Snow melt

1 post / 0 new

John -
Seems that the basic goal is to balance both the 1) peak and 2) annual loading on your system more, by finding more heat sinks in both of those timeframes. I think DHW is a great suggestion, as is any measure that lowers your cooling load (economizer, data center efficiency measures, ice storage, higher heat pump efficiency). Adding heating would be the opposite approach - is there any building or process nearby that could benefit from some free heat (multifamily is perfect...)? Beyond that, yes you could consider any type of hybrid geothermal... There are of course many options for supplemental heat rejection, and snow melt is just one of them.
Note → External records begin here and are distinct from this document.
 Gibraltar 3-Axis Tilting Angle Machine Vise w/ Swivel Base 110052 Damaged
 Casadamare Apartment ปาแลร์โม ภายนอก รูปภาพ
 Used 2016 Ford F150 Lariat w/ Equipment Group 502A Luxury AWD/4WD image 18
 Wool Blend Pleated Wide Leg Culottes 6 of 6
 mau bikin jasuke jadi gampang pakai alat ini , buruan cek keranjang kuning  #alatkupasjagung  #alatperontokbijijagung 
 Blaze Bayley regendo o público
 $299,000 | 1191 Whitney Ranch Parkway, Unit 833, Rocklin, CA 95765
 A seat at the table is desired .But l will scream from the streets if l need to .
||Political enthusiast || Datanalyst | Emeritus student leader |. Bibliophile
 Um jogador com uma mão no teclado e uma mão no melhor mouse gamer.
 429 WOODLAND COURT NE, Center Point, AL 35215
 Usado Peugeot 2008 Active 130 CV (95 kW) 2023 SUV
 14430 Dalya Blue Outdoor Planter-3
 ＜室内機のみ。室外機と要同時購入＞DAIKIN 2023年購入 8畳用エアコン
If you stick with a hybrid with snow melt as the supplemental device, the thesis by Ramamoorthy (http://www.hvac.okstate.edu/research/Documents/Ramamoorthy_Thesis.pdf ) covers design and control of that particular configuration. And also, if you have access, there was a great presentation by Ed Lohrenz of Geo-Xergy at this summer's ASHRAE Montreal conference that discussed a hybrid with snow melt, I think in Alberta.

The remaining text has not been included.